Now we turn to the second passage which includes the beloved words of Mary. Can you hear how she revisited the past only to rejoice in God’s coming triumph over injustice? In the staggering news she got in Nazareth that fateful day, her world was certainly turned over. She went, as the Bible says, “with haste into the hill country;” she got out of town while she and her family dealt with having an unwed mother. Betrothed, yes, but not yet together. But there was joy waiting from a wise relative, Elizabeth. She had waited all her life to become a mother; late in life her prayerful request was being fulfilled, and now her joy was magnified by sharing her maternity time with Mary! When she came near, the special child in Elizabeth’s womb “leaped for joy” when Mary spoke! Mary stepped into the footprints of her Lord when the angel spoke to her, and then her maturity of faith showed that God was blessing her with wisdom and understanding! God was preparing her to know the background of this special birth. As the forerunner of Jesus in birth and in life, John’s first days are less repeated but just as memorable, born to “prepare the way.” Both Elizabeth and Mary had unique roles. Here Elizabeth certainly had the pain of childbirth, but it was followed by the joy of seeing her new son. Life seems to be a tapestry, does it not, of the matrimonial vows? Joy and sorrow, sickness and health, plenty and want all seem to be woven together. The danger is when joy is absent. Conversely, when tragedy strikes, it is most authentic to express other emotions before joy: loss, sadness, even anger. But life is not meant to get stuck in tragedy.

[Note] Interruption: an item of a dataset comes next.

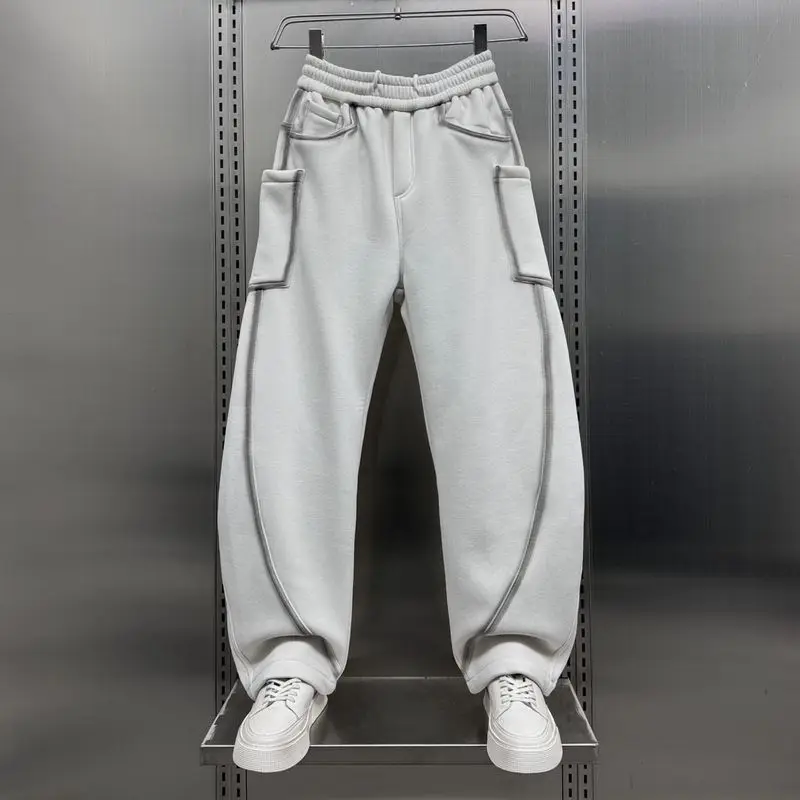 الخريف Sweatpants الرجال العصرية الشارع الشهير بلون مخطط عادية سليم صالح السراويل الرياضية موضة مريحة ركض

Derek Maul was in attendance here when Jenny was ordained to ministry. He is a writer and his wife preached the sermon that day. In his book IN MY HEART I CARRY A STAR, he writes this corrective about joy.

Quite often we allow ourselves to focus on the negative….But something fundamentally joy-filled about Christmas reminds me of how God created a good earth. The world is not so much a dark and evil realm as it is a confused and misguided place. That thought—and it’s a thought that gains a lot of credibility at Christmas—gives me more than a little joy.” [Upper Room Books, 2008, p. 123.] “Tidings of comfort and joy” the carol declares. I visit those places in my mind and in reality: the places where carols are sung, food is offered, help is extended, love is shared, and hope abounds. Where those exist, it is not to be doubted, there is God. In Galatians, Paul reminds all Christians that the fruit of the Spirit, (the test of whether or not we are true or fraudulent in our faith) is present when all of the following are exhibited. Love, peace, patience, kindness, goodness, faithfulness, gentleness, self control … oh, and joy! To truly exhibit the spirit of Christmas, make sure people can find all of those in you.


Jeffrey A. Sumner December 12, 2010  


 

What did you think of this article?




Trackbacks
  • Trackbacks are closed for this post.
Comments
  • No comments exist for this post.
Leave a comment

Comments are closed.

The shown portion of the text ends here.